Another issue with this particular release is this error:

[root@localhost linux]# make Image modules modules_install
...
modules_install/usr/bin/ld: scripts/dtc/dtc-parser.tab.o:(.bss+0x10): multiple definition of `yylloc'; scripts/dtc/dtc-lexer.lex.o:(.bss+0x38): first defined here

That’s really not a biggie. If you encounter it, fix it so:

sed -i 's/^YYLTYPE yylloc;$/extern YYLTYPE yylloc;/'  /usr/src/linux/scripts/dtc/dtc-lexer.l

… and re-run the make command to keep going.

This will run for a while and produce a new uncompressed kernel in /usr/src/linux/arch/arm64/boot/Image as well as modules in /lib/modules/<kernel-name>, which, in the case of the kernel used for this writeup, is in /lib/modules/4.19.97-v9. Note that since the original raspbian kernel calls itself “4.19.97-v9+”, its modules live in /lib/modules/4.19.97-v9+ next door to where we’re installing ours.

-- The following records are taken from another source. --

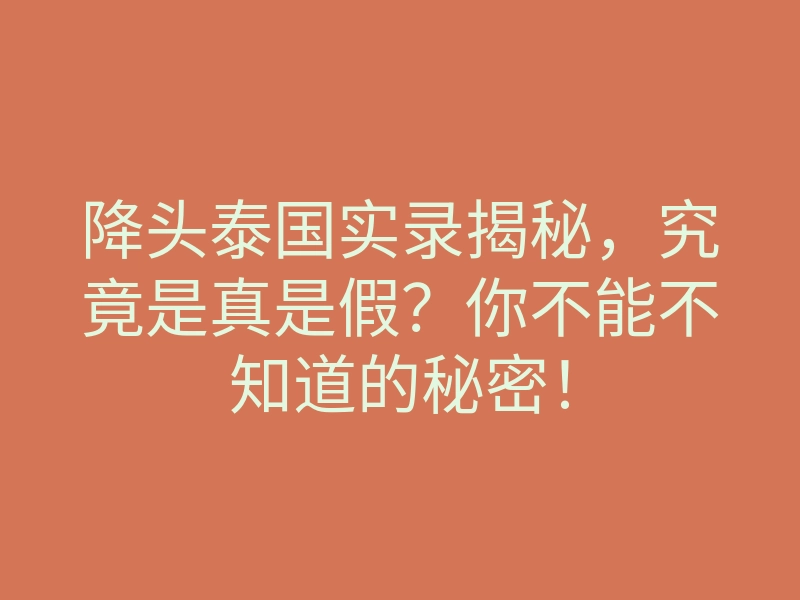 降头泰国实录揭秘,究竟是真是假?你不能不知道的秘密!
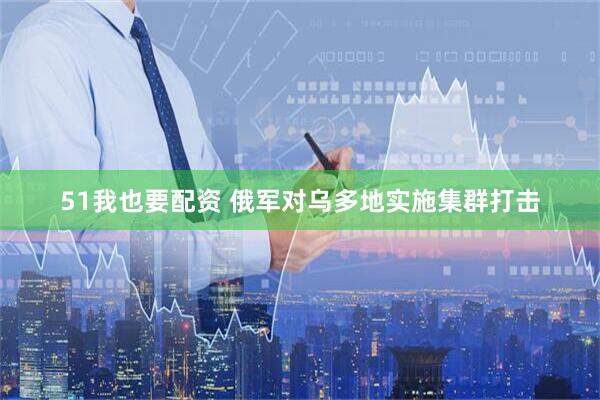 51我也要配资 俄军对乌多地实施集群打击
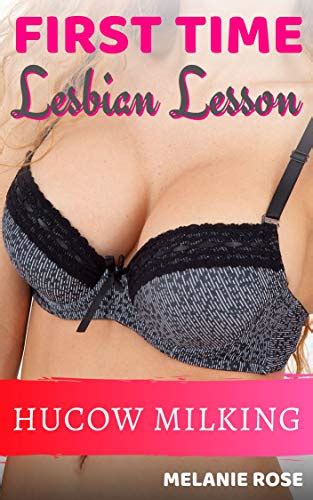 Hucow Milking First Time Lesbian Lesson By Melanie Rose Goodreads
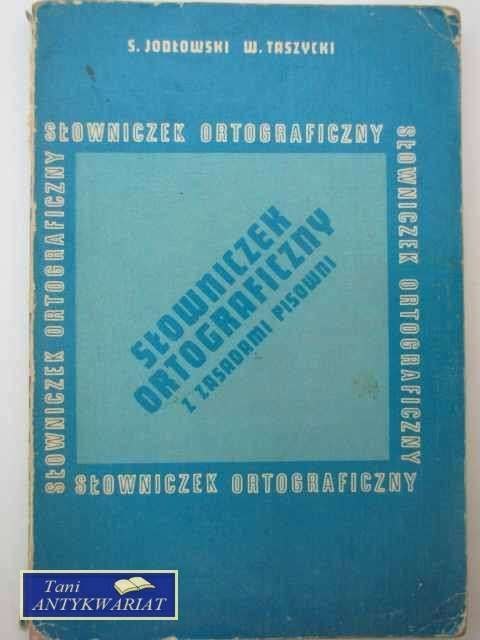 SŁOWNICZEK ORTOGRAFICZNY Z ZASADAMI PISOWNI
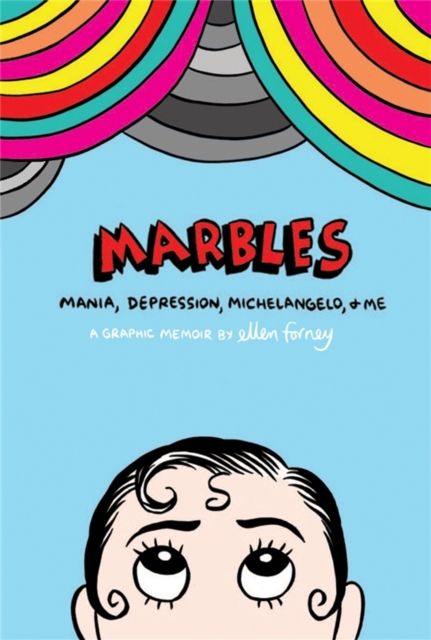 Forsidebilde av Marbles : mania, depression, Michelangelo & me : a graphic memoir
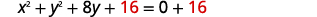 The equation x^2 + y^2 + 8y + 16 = 0 + 16 is displayed, with the number 16 highlighted in red on both sides, indicating a step in an algebraic manipulation, likely completing the square.
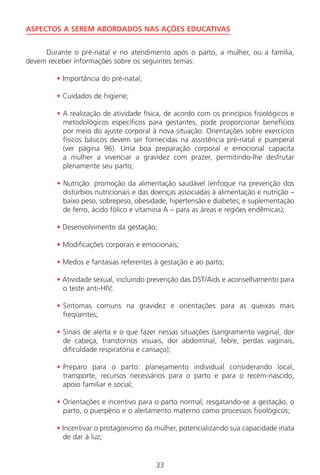33
ASPECTOS A SEREM ABORDADOS NAS AÇÕES EDUCATIVAS
Durante o pré-natal e no atendimento após o parto, a mulher, ou a família,
devem receber informações sobre os seguintes temas:
• Importância do pré-natal;
• Cuidados de higiene;
• A realização de atividade física, de acordo com os princípios fisiológicos e
metodológicos específicos para gestantes, pode proporcionar benefícios
por meio do ajuste corporal à nova situação. Orientações sobre exercícios
físicos básicos devem ser fornecidas na assistência pré-natal e puerperal
(ver página 96). Uma boa preparação corporal e emocional capacita
a mulher a vivenciar a gravidez com prazer, permitindo-lhe desfrutar
plenamente seu parto;
• Nutrição: promoção da alimentação saudável (enfoque na prevenção dos
distúrbios nutricionais e das doenças associadas à alimentação e nutrição –
baixo peso, sobrepeso, obesidade, hipertensão e diabetes; e suplementação
de ferro, ácido fólico e vitamina A – para as áreas e regiões endêmicas);
• Desenvolvimento da gestação;
• Modificações corporais e emocionais;
• Medos e fantasias referentes à gestação e ao parto;
• Atividade sexual, incluindo prevenção das DST/Aids e aconselhamento para
o teste anti-HIV;
• Sintomas comuns na gravidez e orientações para as queixas mais
freqüentes;
• Sinais de alerta e o que fazer nessas situações (sangramento vaginal, dor
de cabeça, transtornos visuais, dor abdominal, febre, perdas vaginais,
dificuldade respiratória e cansaço);
• Preparo para o parto: planejamento individual considerando local,
transporte, recursos necessários para o parto e para o recém-nascido,
apoio familiar e social;
• Orientações e incentivo para o parto normal, resgatando-se a gestação, o
parto, o puerpério e o aleitamento materno como processos fisiológicos;
• Incentivar o protagonismo da mulher, potencializando sua capacidade inata
de dar à luz;
Manual Puerpério 19/09/06.indd 33 11/1/06 7:03:31 PM
 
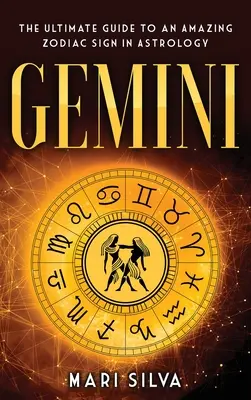 Gémeaux : Le guide ultime d'un signe du zodiaque étonnant en astrologie - Gemini: The Ultimate Guide to an Amazing Zodiac Sign in Astrology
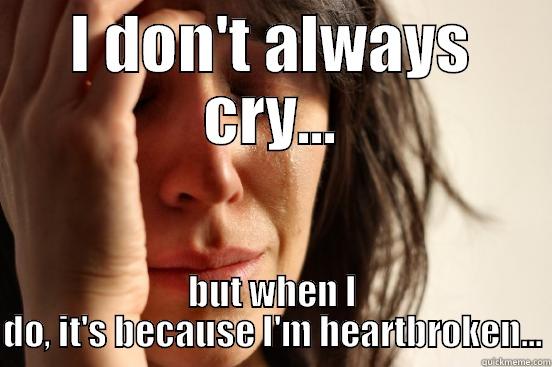 I DON'T ALWAYS CRY... BUT WHEN I DO, IT'S BECAUSE I'M HEARTBROKEN... First World Problems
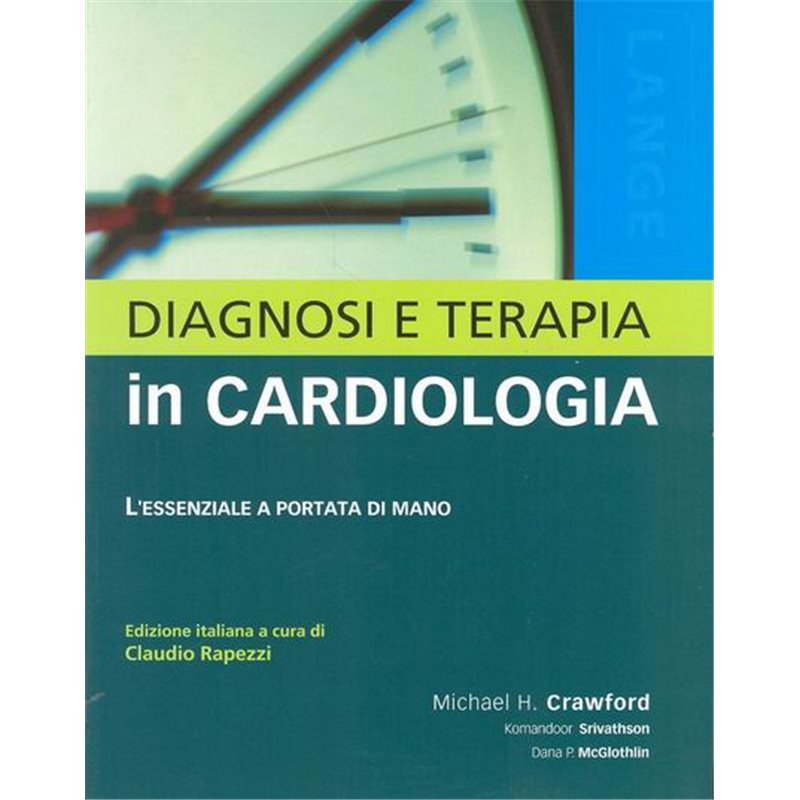 Diagnosi e terapia in Cardiologia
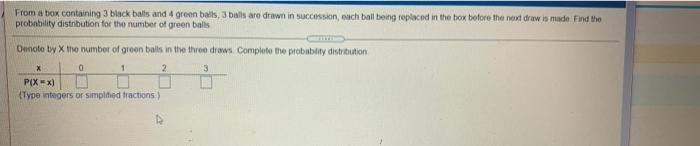 From A Box Containing 3 Black Balls And 4 Green Bals 3 Balls Are Drawn In Succession Cach Ball Being Replaced In The Bo 1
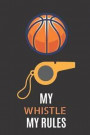 My Whistle My Rules: 6¿9 120 pages ruled journal, basketball coach journal best basketball gifts for coaches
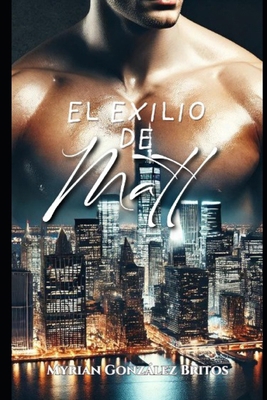 El exilio de Matt [Spanish] B0DPFXZGJJ Book Cover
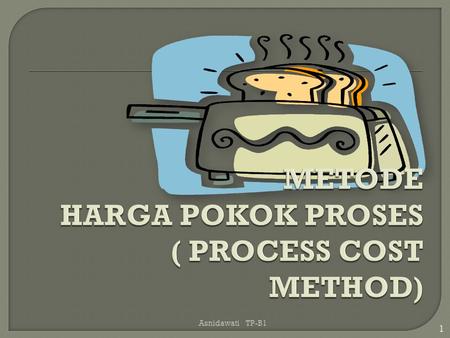 METODE HARGA POKOK PROSES ( PROCESS COST METHOD)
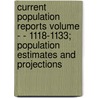Current Population Reports Volume - - 1118-1133; Population Estimates and Projections door United States Bureau of the Census
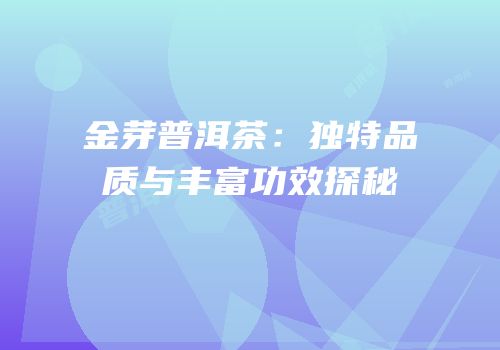 金芽普洱茶：独特品质与丰富功效探秘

Step 5: Install the kernel

The common way to “Install” this kernel — e.g. ask the active boot loader to offer it as a boot option at next boot — (make install — which runs the arch/arm64/boot/install.sh script) — we will not use here.

This is because the install script doesn’t know how to handle the Raspbian vfat boot partition (which doesn’t support symlinks) and stuff will break if you run this. Keep in mind neither grub nor uboot is being used here as a boot loader. We will take the low-tech approach instead — we will simply copy the old kernel to a backup, and the new one on top of the old one’s filename.

# cp -vrfp /boot/kernel8.img /boot/kernel8.img.bak
# cp -vrfp /usr/src/linux/arch/arm64/boot/Image /boot/kernel8.img

We’ll also copy our new kernel’s System.map file to /boot to enable resolving kernel symbol names and addresses:

# cp -vrfp /usr/src/linux/System.map /boot/System.map

That’s it.

Reboot the pi and you should be done.

To check it all works, make sure your pi boots and you can get back on.

Once you do, run

# uname -r 

To make sure the version of kernel you booted is the right one (in our case this will say “4.19.97-v9” if we succeeded, and bear the original Raspbian kernel name — “4.19.97-v9+” — if we got something wrong.

Then run

# lsmod

If you get a list of modules that are already loaded, you’re golden. If you get an empty list, the kernel can’t load modules.

Congrats. Within the limitations of the Raspberry Pi kernel source tree, you are now in control of your kernel.